Any process with fixed costs lower than the electrolyser will just expand that stage of the supply chain and buffer the inputs and outputs.
Industrial heat is trivially stored at much higher density per volume in bricks, sand, or graphite.
Low grade heat is way easier to store in a pond.
Any variance with more than 100 cycles/yr is better served by batteries.
So you’re left with electrolysers running at 1-5% capacity factor if you want the “unwanted” electricity. Otherwise you’re paying the same as anyone else not drawing from a battery.
Water powered car goes brrrrrrr
Actually you would never want hydrogen powered cars from an engineering perspective.
Ideally this would only be producing hydrogen for chemical processes which require a hydrogen feed stock.
Green hydrogen has a lot of advantages for cars compared to batteries: quick refuelling, much less weight, better range.
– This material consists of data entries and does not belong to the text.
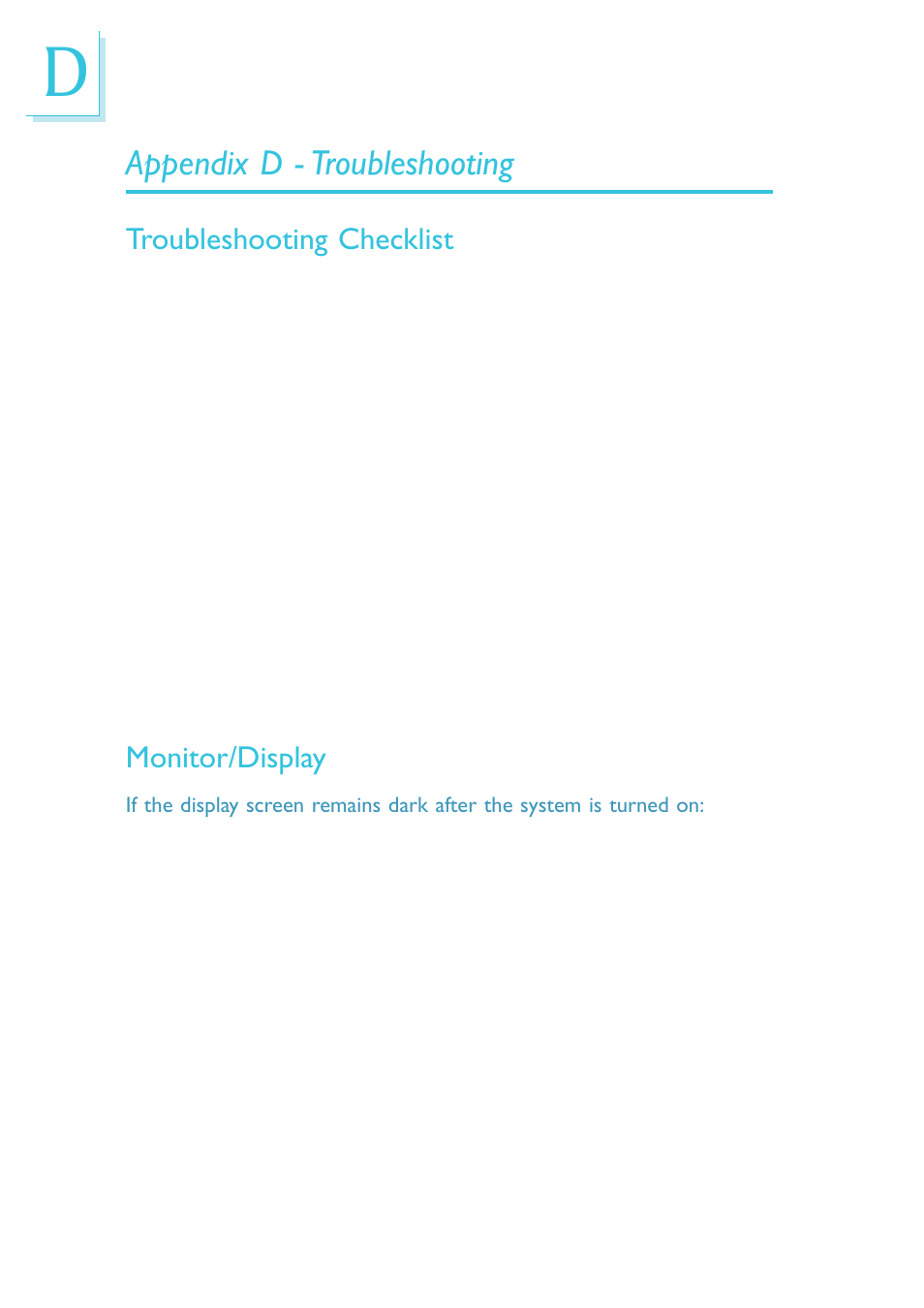 Appendix d - troubleshooting, Troubleshooting checklist, Monitor/display | DFI OT951-D series User Manual | Page 104 / 107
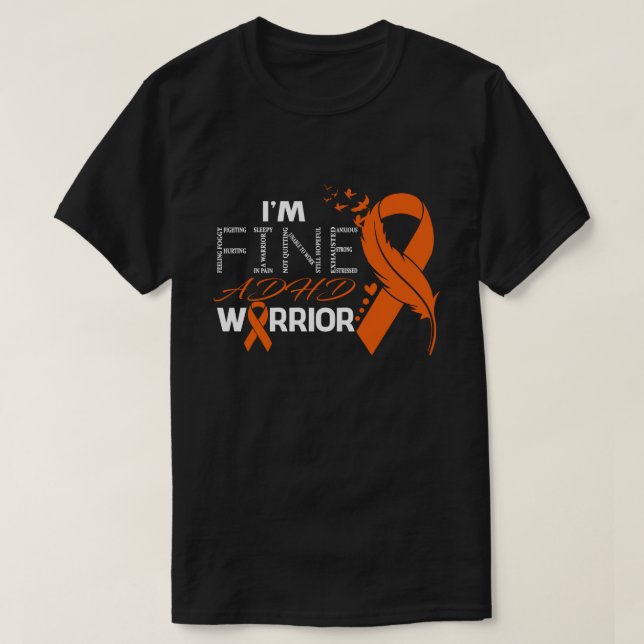I'm Fine ADHD  Warrior Awareness Feather T-Shirt (Design Front)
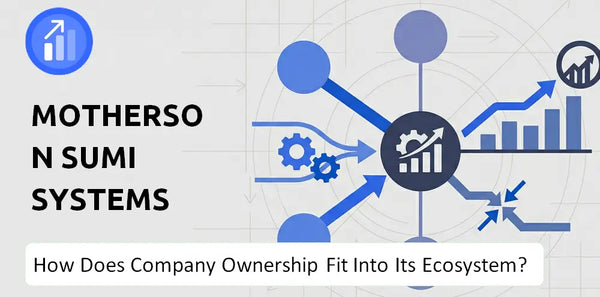 Who Owns Motherson Sumi Systems Company and How Does Ownership Affect Trust in the Brand?
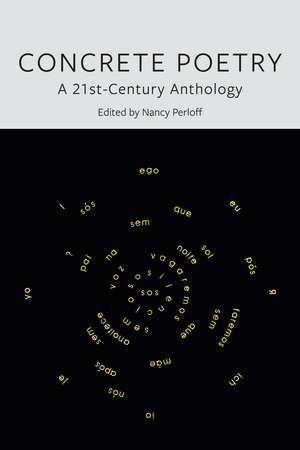 Concrete Poetry: A 21st-Century Anthology de Nancy Perloff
Compared to CO2 emitting fuels (including non-green hydrogen), no contest.
It’s especially good for heavy vehicles. It’s the only way we can currently use non-carbon fuels for air travel. It’s much more feasible for trucking than batteries.
Green hydrogen is more like a kind of battery than a fuel. It’s a good way to store renewable energy that cannot be used immediately, or that needs to be used off-grid. How hydrogen is transforming these tiny Scottish islands
You wouldn’t want the water to hydrogen plant inside the car but a hydrogen powered car would operate fine
MrMakabar@slrpnk.net 1 year ago
The problem is electrolysers are expensive right now. We do have cheap enough electricity, in great location solar, which is pretty common.